All The Luck In The World überhaupt und live in der Prinzenbar

Eine Geschichte, wie sie im Internet steht: ein junger Ire macht Musik, stellt sie ins Internet, eine Hotelsuchseite entdeckt das Lied und schon läuft der Song mit der frisch gegründeten Band im Werbespot. Der Junge Ire heißt Neil. Sein Schulfreund Kelvin und der am College aufgegabelte Ben bilden die Band.
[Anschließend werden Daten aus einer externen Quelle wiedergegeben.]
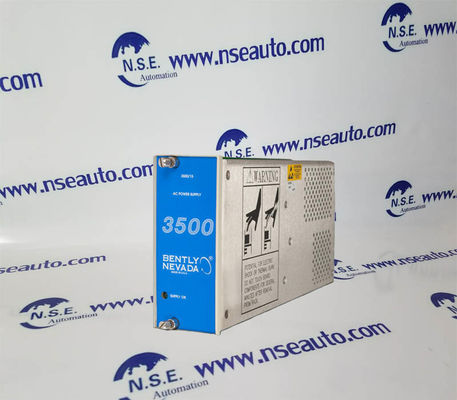 Bently Nevada 330130-040-03-CN 330130-040-03-05 In Origianl Packing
Die Phrase “All The Luck In The World” hat Neil in einem Buch gelesen, fand sie gut und bingo.

Da hatte wohl jemand, ähm, zumindest viel Glück der Welt. Sehr verdientes allerdings. Das selbstbetitelte Album ist eine Perle. Ich bin in jeden einzelnen Song verliebt. Und wie sich im Gespräch bei der in bed with session herausstellt hat Kelvin selbst das Albumcover gemalt, nach der Vorlage eines Fotos, das Neil vor längerer Zeit gemacht hatte. Awwwww.
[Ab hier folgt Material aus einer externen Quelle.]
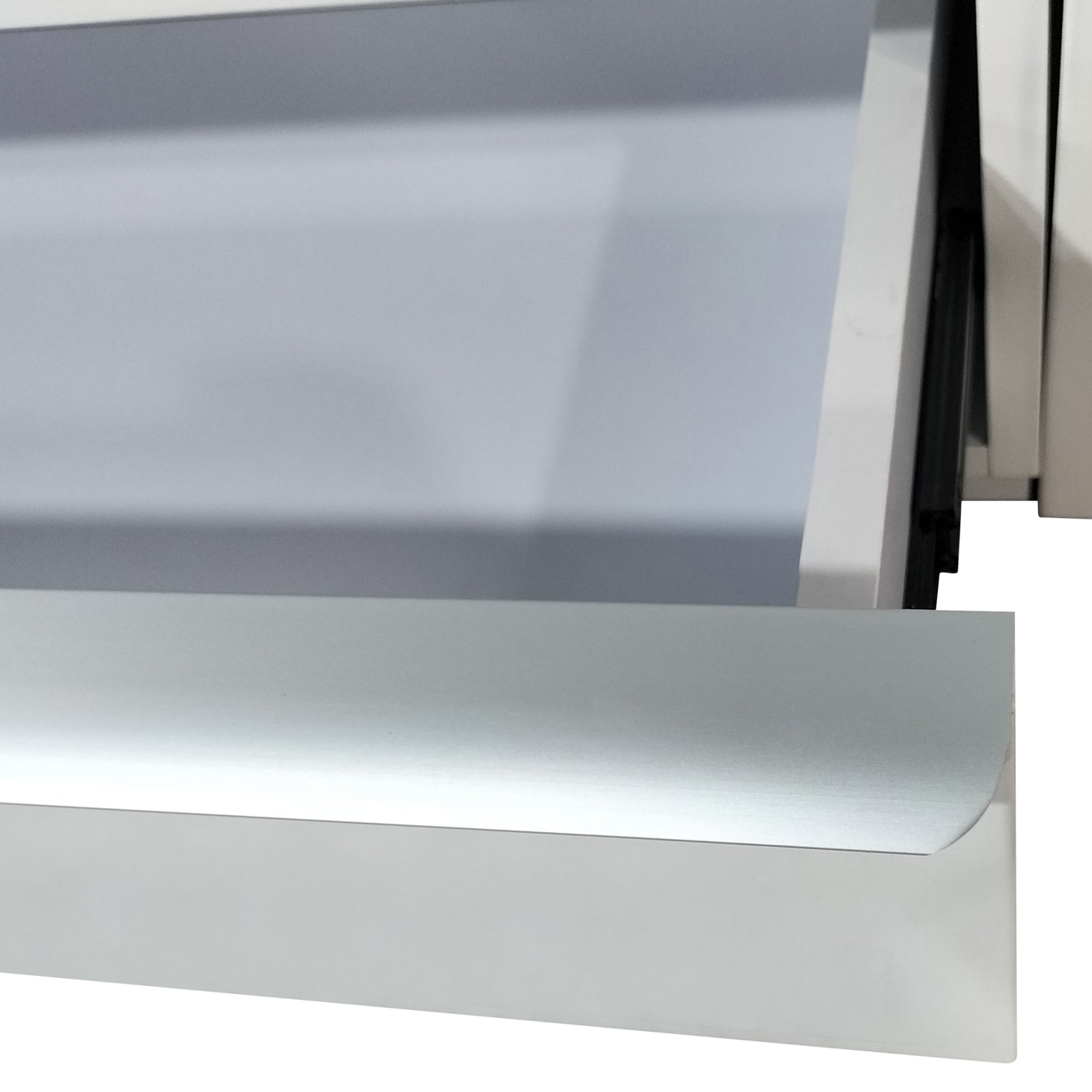 Marlin Tv Unit White 8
Live gab es die Jungs dann Freitag Abend in der Prinzenbar zu sehen. Am Anfang wirkte das ganze noch etwas hölzern, aber spätestens, als Ben nach dem dritten oder vierten Lied sagt, wie unglaublich das alles für sie ist und dass sie sich nie hätten vorstellen können einen Club in Hamburg auszuverkaufen, ist das Eis gebrochen. Und auch Neil sagt kurz darauf, was für ein besondrer Moment das ist.
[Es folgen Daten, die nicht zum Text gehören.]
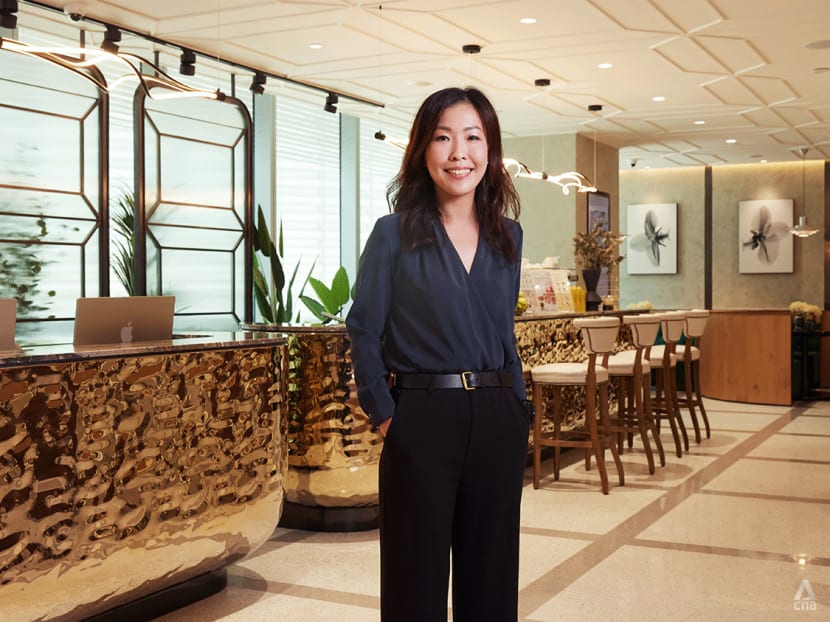 Here’s how The Executive Centre is redefining the concept of an office and the way we work Here’s how The Executive Centre is redefining the concept of an office and the way we work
Ein paar Lieder später setzt Ben noch einen drauf mit:”Sorry if we seem cross. We’re all very scared.”

Kein Wunder, es war ihr 11. Konzert überhaupt, jemals. Wir können ihnen also jedes Wort glauben.

Großes Highlight war dann die Coverversion von Olivia Newton John & John Travolta’s “You’re The One That I Want”. Wie schön. Lachend sagt Ben “Ok, everyone knows that.”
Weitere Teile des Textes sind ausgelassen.